Plausible Mains Question Stems:

  1. "The Supreme Court's declaration of the right to walk on footpaths as a fundamental right is a transformative expansion of Article 19(1)(d). Critically examine its constitutional basis, implications for urban governance, and the need for a national pedestrian statute." (GS-II, 15 marks)

  2. "India's road infrastructure has historically privileged motorised transport over pedestrians, reflecting deep socio-economic inequities. In light of the Supreme Court's 2026 judgment, discuss how urban planning frameworks and legislative reform must evolve to make pedestrian rights enforceable." (GS-II/III, 15 marks)

  3. "Judicial expansion of fundamental rights through purposive interpretation of Articles 19 and 21 has repeatedly driven policy change in India. Illustrate with reference to the right to education, right to privacy, and the 2026 right to walk judgment." (GS-II, 10 marks)

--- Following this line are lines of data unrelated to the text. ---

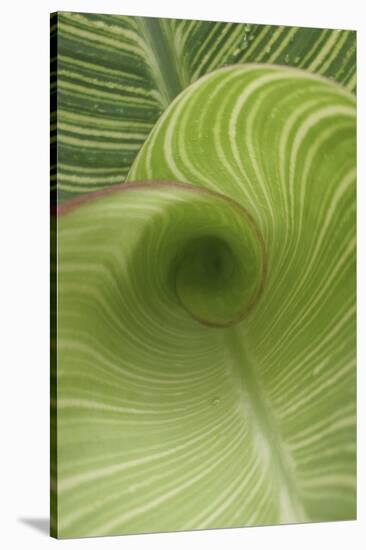 Striped Canna Leaf Abstract-Anna Miller-Stretched Canvas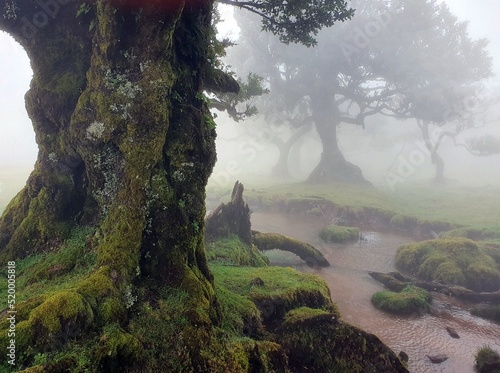 Fanal forest, Madeira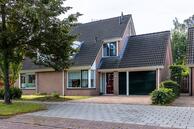 Foto van Engelwortel 8, Nijverdal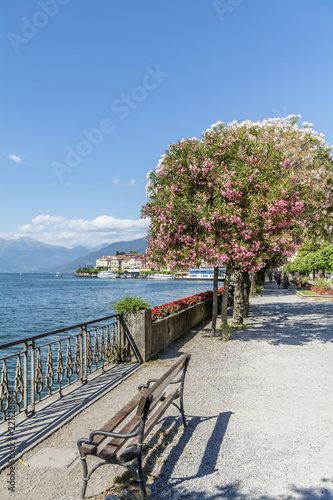 Blooming Oleander Trees in  Bellagio Town,Como Lake in North of Italy. photo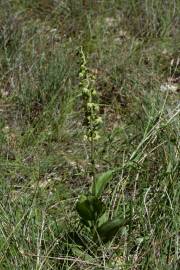 Fotografia da espécie Epipactis tremolsii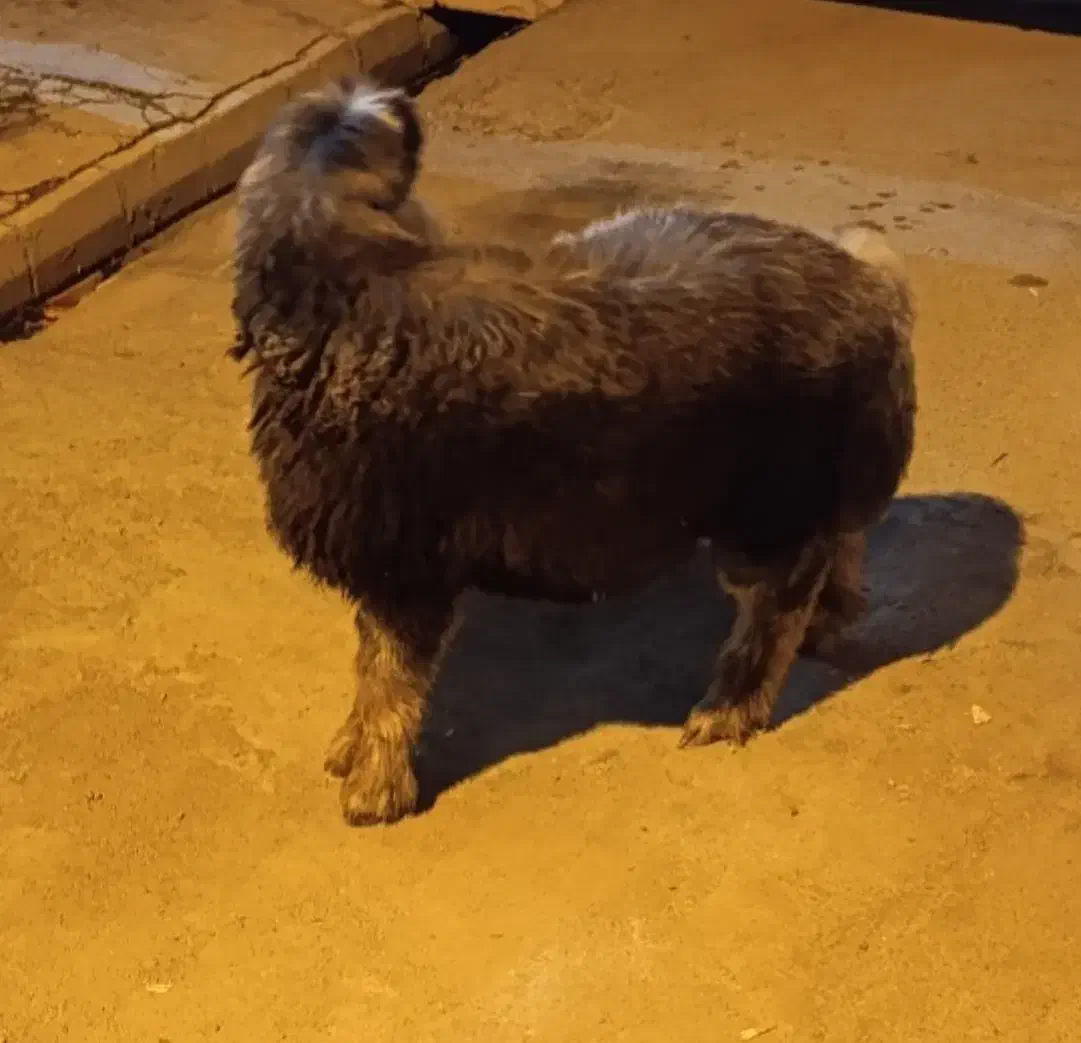 بره نر تخمی قد بلند کشیده|حیوانات مزرعه|بهبهان, |دیوار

9. Related Topics to Study Next

Topic Connection
Article 19 — Six Freedoms Direct constitutional basis of the judgment; understand scope and reasonable restrictions
Article 21 — Right to Life Court invoked expanded Art. 21 jurisprudence (Maneka Gandhi, Olga Tellis); walking = life
Urban Local Bodies (74th Amendment) Duty-bearers for footpath maintenance are ULBs; 12th Schedule functions
Motor Vehicles Act, 1988 (as amended 2019) Governs road use, penalties, compensation for road accidents; interface with pedestrian rights
Smart Cities Mission & AMRUT 2.0 Urban infrastructure programmes now with constitutional pedestrian infrastructure obligations
Rights of Persons with Disabilities Act, 2016 Section 45 mandates accessible infrastructure; convergence with new pedestrian right
SDG 11 — Sustainable Cities & Communities SDG 11.2 on accessible transport; India's pedestrian rights judgment supports this goal
Judicial Activism & PIL jurisprudence SC's conversion of case into Re: Fundamental Right shows continuing mandamus pattern

10. Common Errors / Trap Areas

  1. Wrong Article cited alone: Many aspirants cite only Article 21 for this right. The judgment explicitly roots it in Article 19(1)(d) read with Articles 19(1)(a)(b)(c) and 21 — all four together, not Article 21 alone.

  2. Confusing "right" vs. "privilege": The court's key formulation is that walking is a fundamental right while motorised vehicle use is a privilege — this distinction is likely to be tested in MCQs.

  3. Misidentifying the bench/author: The judgment was authored by Justice P.S. Narasimha (not the CJI); co-bench was Justice A.S. Chandurkar — aspirants may confuse this with other prominent SC benches.

  4. Scope confusion — "any road" vs. "demarcated footpath": The right is specifically to walk on demarcated and well-maintained footpaths, not on any part of any road. This qualification is frequently missed.

  5. Thinking a constitutional amendment was ordered: The court called for a statutory/legislative framework (an Act of Parliament or State legislatures), not a constitutional amendment — no new Article is being added.